Seems to support my decision not to titre but instead choose to go ahead and give the vaccine.


----------



## Sunflowers (Feb 17, 2012)

Shepherdmom, I replied privately. 

I am on the fence about the Lepto vaccine now, given what I read about the low occurrence rate down here. 

I did vaccinate Hans when we were up north, because we literally had foxes peeing in the yard. I saw them. 

He had no side effects.


----------



## NancyJ (Jun 15, 2003)

shepherdmom said:


> and I did read it the first time contrary to what has been implied. Lypto is not an issue in my area, Rabies is mandated by the state, I don't give Bordetella as I never board my dogs or take them to daycare. I'm already following the vet guidlines for the 3 years on the shots.
> 
> and finally this "18. Antibody titers as a valid assessment of immunity.
> 
> ...


Not really - read beyond "it depends" -- Honestly I don't care how often you immunize your own dogs but don't give the rest of us a hard time and tell us we are putting your dogs at risk for doing titers or even not immunizing after the intial series is complete. 

"Fact: Titers for CDV, CPV, and feline parvovirus (panleukopenia) correlate extremely well with immunity...dogs/cats that have a “positive” titer are considered immune…quite likely for many years.
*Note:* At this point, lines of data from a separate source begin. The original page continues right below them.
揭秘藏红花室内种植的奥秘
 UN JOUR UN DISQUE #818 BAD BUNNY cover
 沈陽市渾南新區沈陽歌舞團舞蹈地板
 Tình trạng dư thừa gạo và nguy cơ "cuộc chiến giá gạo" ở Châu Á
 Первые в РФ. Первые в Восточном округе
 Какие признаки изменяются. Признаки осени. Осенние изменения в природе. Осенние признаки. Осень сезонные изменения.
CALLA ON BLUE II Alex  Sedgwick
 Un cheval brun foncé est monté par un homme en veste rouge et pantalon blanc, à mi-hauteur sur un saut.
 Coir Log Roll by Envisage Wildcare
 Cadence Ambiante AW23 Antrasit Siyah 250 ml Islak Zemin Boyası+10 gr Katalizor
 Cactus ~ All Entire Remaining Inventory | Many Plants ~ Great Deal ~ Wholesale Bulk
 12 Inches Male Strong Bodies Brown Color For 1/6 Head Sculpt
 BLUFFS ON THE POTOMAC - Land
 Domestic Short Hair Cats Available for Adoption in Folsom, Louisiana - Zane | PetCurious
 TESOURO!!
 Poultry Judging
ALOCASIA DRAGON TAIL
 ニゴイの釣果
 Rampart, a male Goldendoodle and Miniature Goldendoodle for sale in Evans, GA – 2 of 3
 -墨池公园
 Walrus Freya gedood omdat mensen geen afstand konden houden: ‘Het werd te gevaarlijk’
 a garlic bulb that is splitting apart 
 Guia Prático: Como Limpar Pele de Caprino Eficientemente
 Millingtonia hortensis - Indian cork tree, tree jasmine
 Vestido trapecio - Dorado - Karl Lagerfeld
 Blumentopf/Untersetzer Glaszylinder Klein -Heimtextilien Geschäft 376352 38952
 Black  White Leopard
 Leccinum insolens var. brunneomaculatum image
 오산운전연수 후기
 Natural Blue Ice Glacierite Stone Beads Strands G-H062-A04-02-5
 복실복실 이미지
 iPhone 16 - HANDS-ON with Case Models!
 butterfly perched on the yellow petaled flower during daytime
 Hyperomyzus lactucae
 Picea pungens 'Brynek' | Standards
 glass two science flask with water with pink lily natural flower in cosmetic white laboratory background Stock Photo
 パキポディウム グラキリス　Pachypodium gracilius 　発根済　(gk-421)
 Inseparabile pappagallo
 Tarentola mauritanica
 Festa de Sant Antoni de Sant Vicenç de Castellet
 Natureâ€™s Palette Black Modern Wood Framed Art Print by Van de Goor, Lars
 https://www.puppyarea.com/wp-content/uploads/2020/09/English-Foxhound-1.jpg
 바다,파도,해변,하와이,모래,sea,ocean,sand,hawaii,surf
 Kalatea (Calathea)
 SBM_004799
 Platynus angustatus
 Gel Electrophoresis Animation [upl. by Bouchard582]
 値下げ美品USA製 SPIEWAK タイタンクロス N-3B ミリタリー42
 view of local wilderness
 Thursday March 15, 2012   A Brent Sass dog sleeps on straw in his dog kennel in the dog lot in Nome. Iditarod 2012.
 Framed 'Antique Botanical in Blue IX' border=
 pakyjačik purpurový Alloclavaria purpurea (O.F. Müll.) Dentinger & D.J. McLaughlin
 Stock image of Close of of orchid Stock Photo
Fact: a “negative” titer does not always correlate with susceptibility. Antibody is a glycoprotein and does dissipate over time. Animals that were previously vaccinated may lose Ab over time; however, immunologic “memory” (B-lymphocytes) is retained for many years for these 3 diseases. Exposure to virulent virus in a previously vaccinated, but antibody negative patient, typically results in a rapid anamnestic ‘boost’ of antibody titer and a protective immune response"

*In other words - boostering a dog once it has a low titer is being more cautious than is probably needed-because the immune system still remembers the virus.*

You are right, Lepto is not active in Northern Nevada though it is in No Cal and Southern Nevada. Many of us, inlcuding me, have to face a decision about this one so I felt it relevant.


----------



## shepherdmom (Dec 24, 2011)

Jax08 said:


> can we PLEASE get back on topic?



Topic...


> the anti-vacc crowd should be put in jail-rant.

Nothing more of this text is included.